Jumeirah, le groupe hôtelier de Dubai, vient d’acheter pour 114 millions l’iconique Hôtel Richemond de Genève et d’annoncer sa réouverture après d’importants travaux en 2025. Cette nouvelle provoque une grande joie chez la majorité des anciens collaborateurs du Richemond, dont la fermeture fut soudaine, brutale et engendra 130 licenciements en janvier 2020. Cette nouvelle semble aussi faire plaisir au monde du tourisme genevois. Pourtant, plusieurs acteurs proches du dossier que nous avons contactés semblent très frileux à l’idée de nous répondre. 

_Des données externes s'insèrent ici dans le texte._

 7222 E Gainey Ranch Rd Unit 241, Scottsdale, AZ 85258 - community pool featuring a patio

La puissance financière et les ambitions avouées de se positionner dans l’ultraluxe peuvent effrayer certains de ses concurrents parmi les grandes marques internationales implantées sur la rive droite du Léman à Genève. Comme à Lausanne avec le Royal Savoy et le soft power du Qatar, les fonds de Dubai permettent de sauver un hôtel patrimonial important pour la Suisse et son tourisme. Il faut le saluer. 

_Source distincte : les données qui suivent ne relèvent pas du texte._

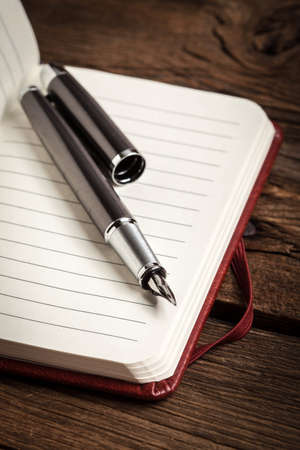 Opened blank notebook with elegant fountain pen on wooden background.の写真素材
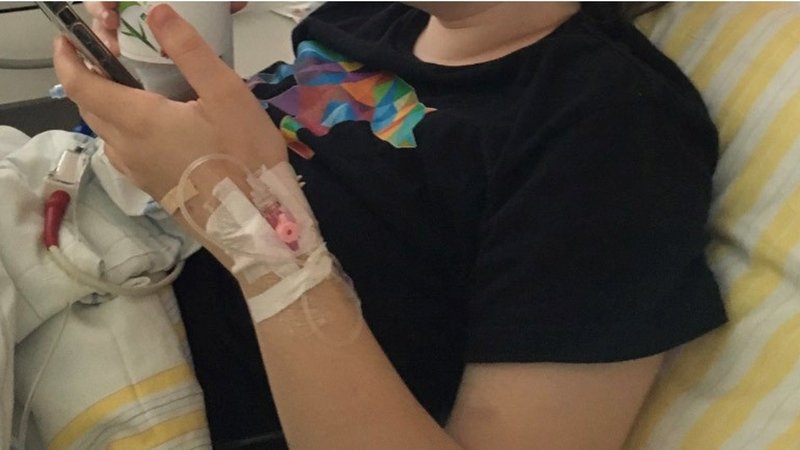 Eine junge Frau liegt in einem Krankenhausbett, nachdem ihr Körper nach der Corona-Impfung heftige Reaktionen zeigte.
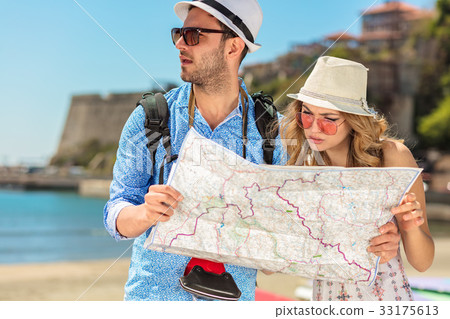 Couple tourist traveling and using map. Couple 33175613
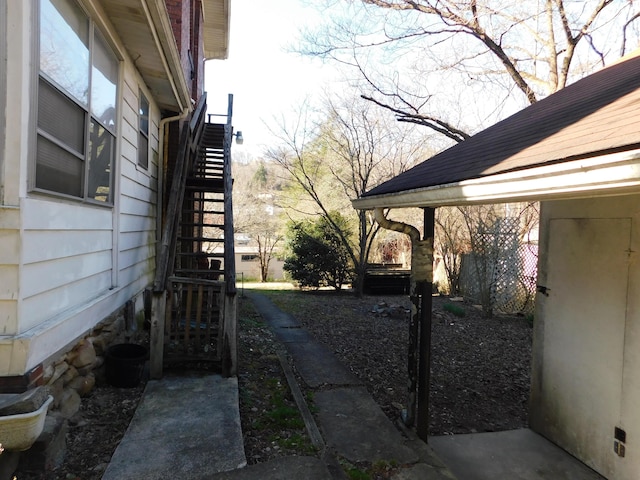 view of side of home with stairs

Mais comme le souligne Philippe Bourrel, ancien chef de cuisine du Richemond, il ne faudrait pas que seule la course à l’hôtel le plus luxueux de la ville domine les débats: «Le plus important reste de rendre son âme à cet établissement fondé en 1875, marqué par la personnalité de la famille Armleder, et par le soin apporté par toutes les équipes successives qui don­naient leur meilleur. Pendant la fermeture, en passant rechercher quelques affaires, l’ampleur du silence me provoquait des pincements au cœur.» Le Richemond reste dans l’imaginaire l’hôtel des Genevois, le palace de la fête, des excentricités, un abri pour les artistes les plus avant-gardistes comme Andy Warhol. Grand ami de John Armleder, fils du propriétaire, qui y installa une galerie d’art nommée Ecart. Cette dimension mêlant le sérieux et l’iconoclaste ne doit pas échapper aux propriétaires de Dubai friands d’expressions moins polarisantes.

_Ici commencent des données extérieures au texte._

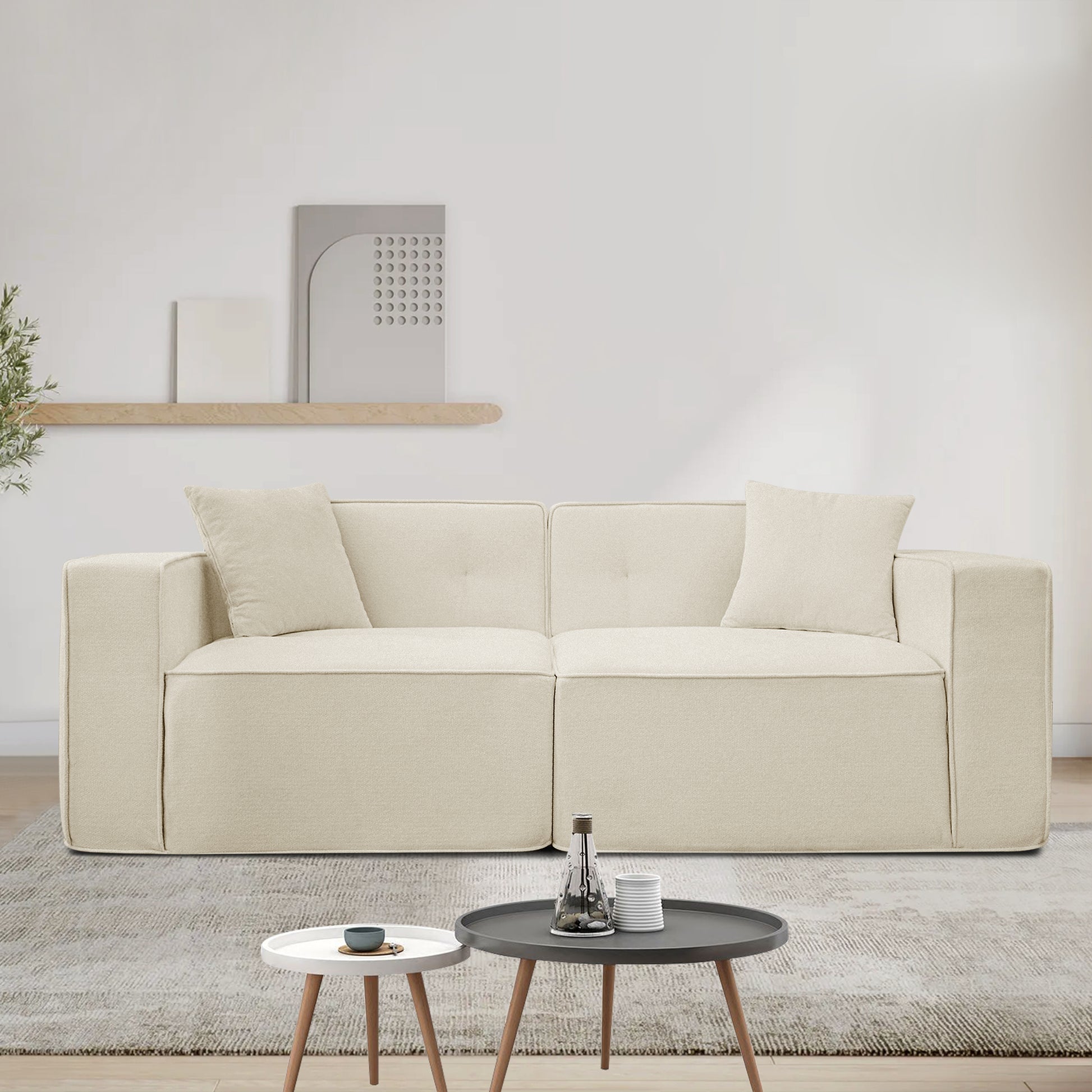 Cream boucle fabric sectional sofa with two throw pillows modern living room seating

Jumeirah a annoncé la couleur, il veut se positionner dans l’ultraluxe. Pour plusieurs spécialistes du marché genevois, Jumeirah deviendra le principal concurrent du Four Seasons Hotel Les Bergues, le seul à se positionner actuellement dans l’ultraluxe en pratiquant des prix de chambres et de suites en moyenne au double de tous ses autres concurrents directs. Pour René-Ojas Woltering, professeur assistant en financement immobilier à l’Ecole hôtelière de Lausanne, «Jumeirah peut devenir un acteur intéressant du marché hôtelier genevois, qui a pourtant beaucoup souffert pendant la crise, car il ne va pas concurrencer les prix existants dans les traditionnels 5 étoiles et va s’inscrire dans une nouvelle compétition de l’ultraluxe où un seul acteur existait sur le marché. Cette compétition de l’ultraluxe qui existe dans les grandes villes du monde comme New York, Los Angeles, Dubai, Shanghai, Londres et Paris arrive à Genève avec de nouveaux codes.» 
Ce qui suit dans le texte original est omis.